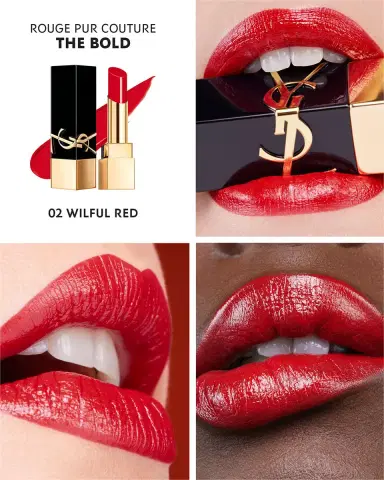 Yves Saint Laurent Beaute The Bold High Pigment Lipstick | Thumbnail 2 Yves Saint Laurent Beaute The Bold High Pigment Lipstick | Thumbnail 2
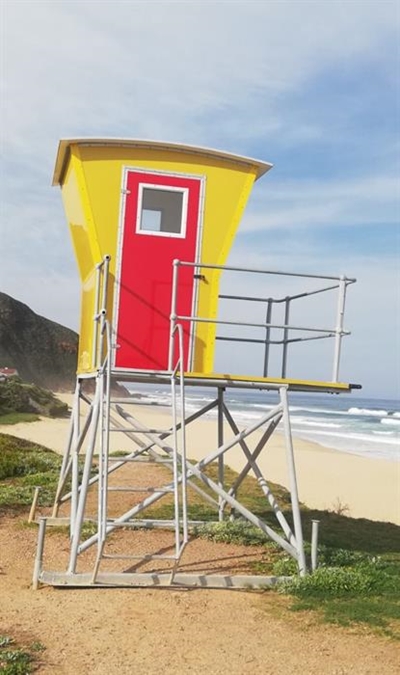 Keeping beach safe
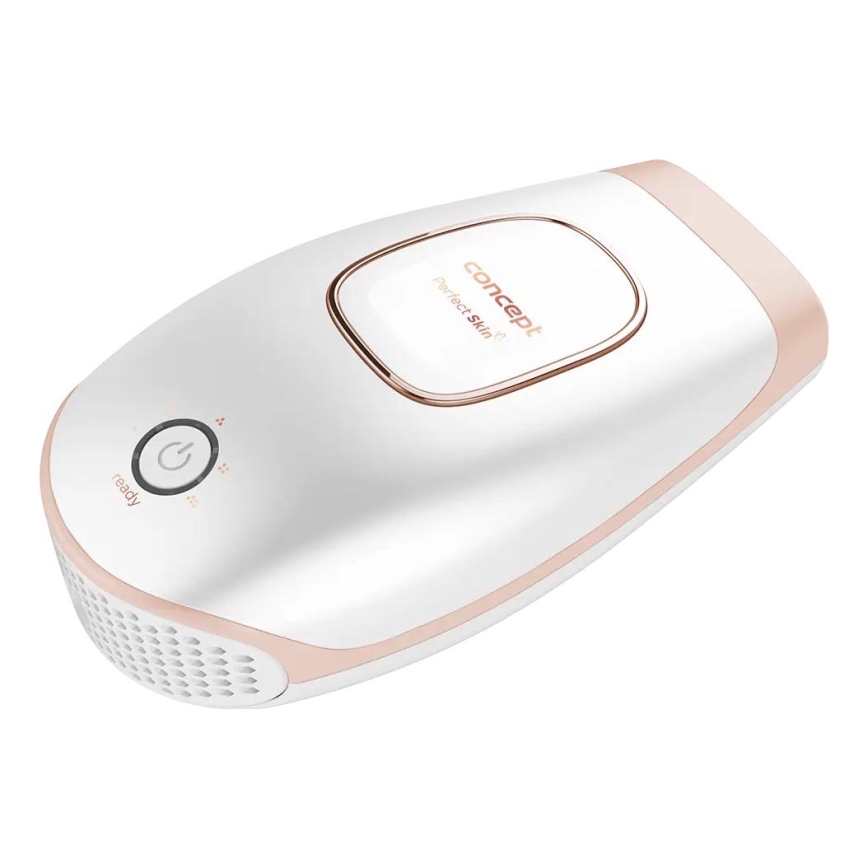 Concept IL3000 - IPL-ontharingsapparaat PERFECT SKIN 36W/230V wit/roségoud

Your objective – Reproduce the data verbatim. Do not carry any picture into the copy.

Written reply –
 Yves Saint Laurent Beaute The Bold High Pigment Lipstick | Thumbnail 2 Yves Saint Laurent Beaute The Bold High Pigment Lipstick | Thumbnail 2
 Keeping beach safe
 Concept IL3000 - IPL-ontharingsapparaat PERFECT SKIN 36W/230V wit/roségoud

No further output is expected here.